I guess it really doesn't matter, the element bit the dust today.  It won't go above 90 degrees. I see a new smoker in my future!


----------



## chainsaw (Sep 5, 2010)

My pan did the same thing & found a pan at Dollar General that fits better (or as good as) than the original. WWorld has some too. Got tired of messing with the foil.


----------



## eman (Sep 5, 2010)

citric acid oj , pineapple juice ,lime juice


----------



## eman (Sep 5, 2010)

Whisky said:


> I guess it really doesn't matter, the element bit the dust today.  It won't go above 90 degrees. I see a new smoker in my future!


Not that hard to fix problems w/ the mes don't chunk it unless you just want a new smoker.


----------



## dale5351 (Sep 5, 2010)

Whisky said:


> I guess it really doesn't matter, the element bit the dust today.  It won't go above 90 degrees. I see a new smoker in my future!


What variant of the MES do you have?  Does it have an access panel in the back?  Is the back riveted on, or screwed on?

The most likely problem is that the connections to the heating element have crapped out.  It has happened to me twice.  Because my unit (4+ years old) does not have an access panel, it is a messy job to get to the connections.  My rear panel is screwed down, so that helped.  I've seen people here who talked about drilling out rivets and then replacing with screws. 

Look for articles here, many with pictures, that talk you through the repair.  Messy, but not too hard.  Hopefully the articles will show you how to make it better than before so that it does not happen again soon.  I've learned enough from them so that the next time will be a more permanent fix for me.

The basic problem is that the screws that allow you to remove the connection box are in the back of the smoker, through the plate that holds the heating element on.  They are hard to reach because of the chip box being in the way.


----------



## hagcel (Nov 22, 2020)

chainsaw said:


> My pan did the same thing & found a pan at Dollar General that fits better (or as good as) than the original. WWorld has some too. Got tired of messing with the foil.

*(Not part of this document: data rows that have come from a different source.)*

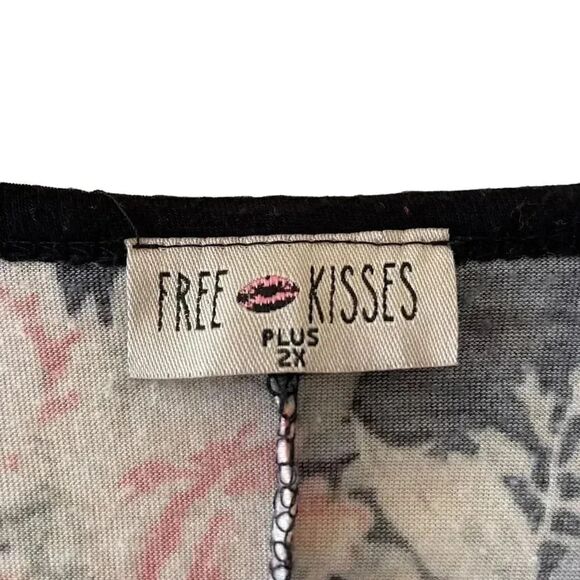 Free Kisses ¾ Sleeves Womens Floral Crewneck “Feels Like Love” Print SZ 2X - Picture 4 of 11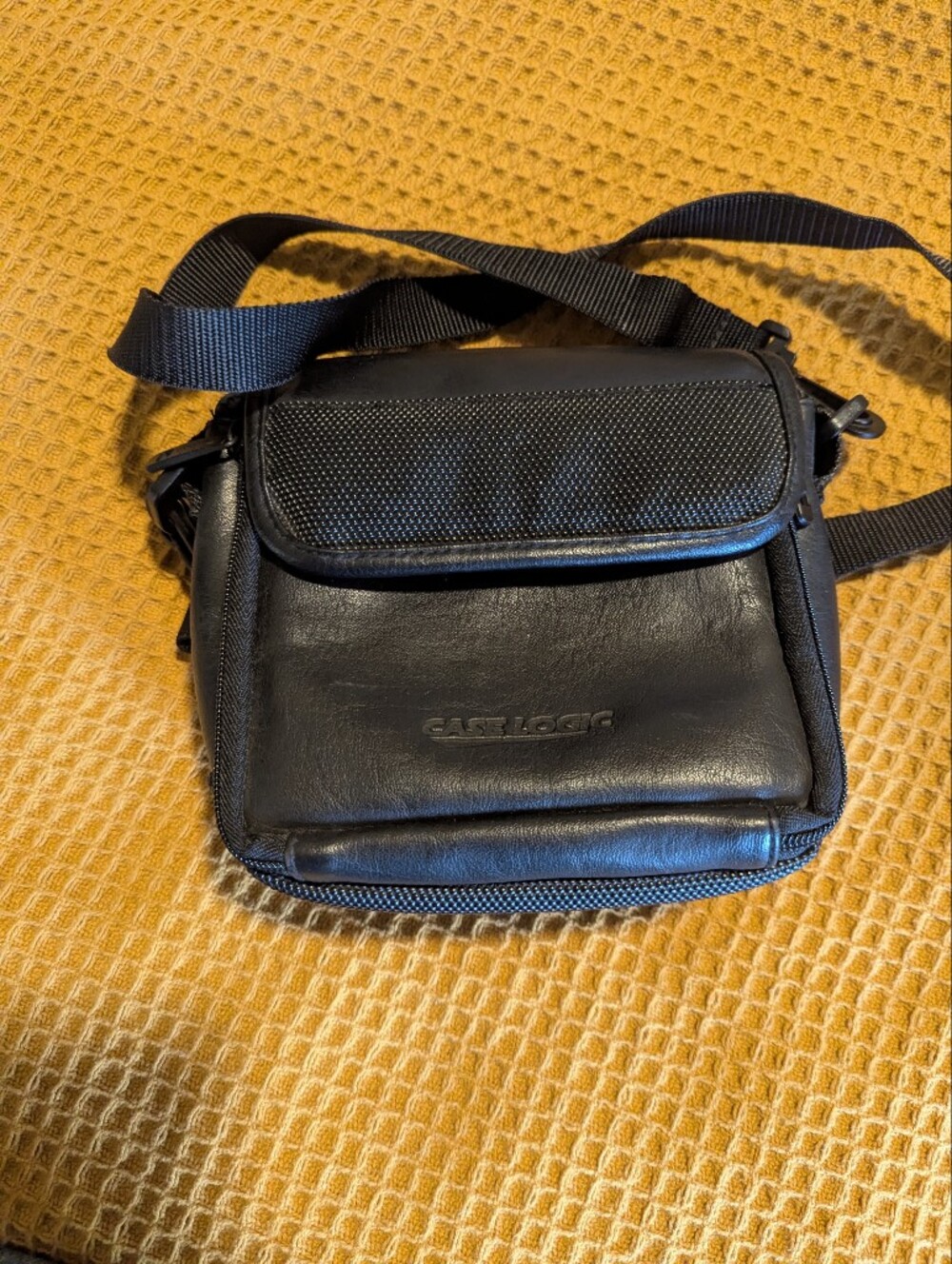 Caselogic Black Men's Compact Messenger Crossbody Bag
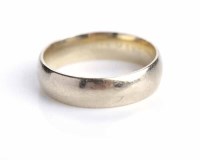 Lot 90 - EIGHTEEN CARAT GOLD WEDDING BAND hallmarked...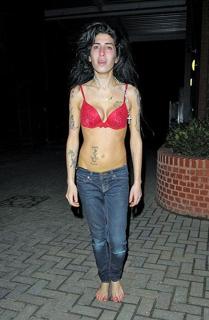Amy Winehouse feet photo thumbnail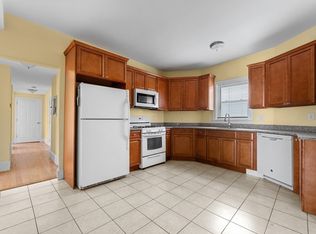 571 Washington St #2, Boston, MA 02111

Man, I hate to bump a 10 year old thread, but what are you using? My smoker is just over a year and it's water pan is toast, and Masterbuilt says new ones aren't available. (Rather they did not respond to my question and when I went back and checked, they had a notification that any parts not in the store are unavailable. (I've got a 40" MES).


----------



## chef jimmyj (Nov 23, 2020)

Most of us MES owners, leave the Pan Empty or cover with Foil and add Sand or Bricks. This serves as a Heat Sink to maintain a more steady temp. Water is not needed in the Insulated, well Sealed, MES. 
I have had great success with Masterbuilt Customer Service...When, I spoke to a living human! Give them a call...JJ


----------



## zwiller (Nov 23, 2020)

+1;  The MES is already a humid smoker being so small and electric powered.  No need for water.  The key to "moist meat" is pulling at proper IT.  Instead of buying a new pan get an instant read thermometer or remote setup.  $10-$50.


----------



## hagcel (Nov 26, 2020)

I have both remote and instant read thermometers. There is also the matter of the additional flavor you can get from using cider or beer in the pan. 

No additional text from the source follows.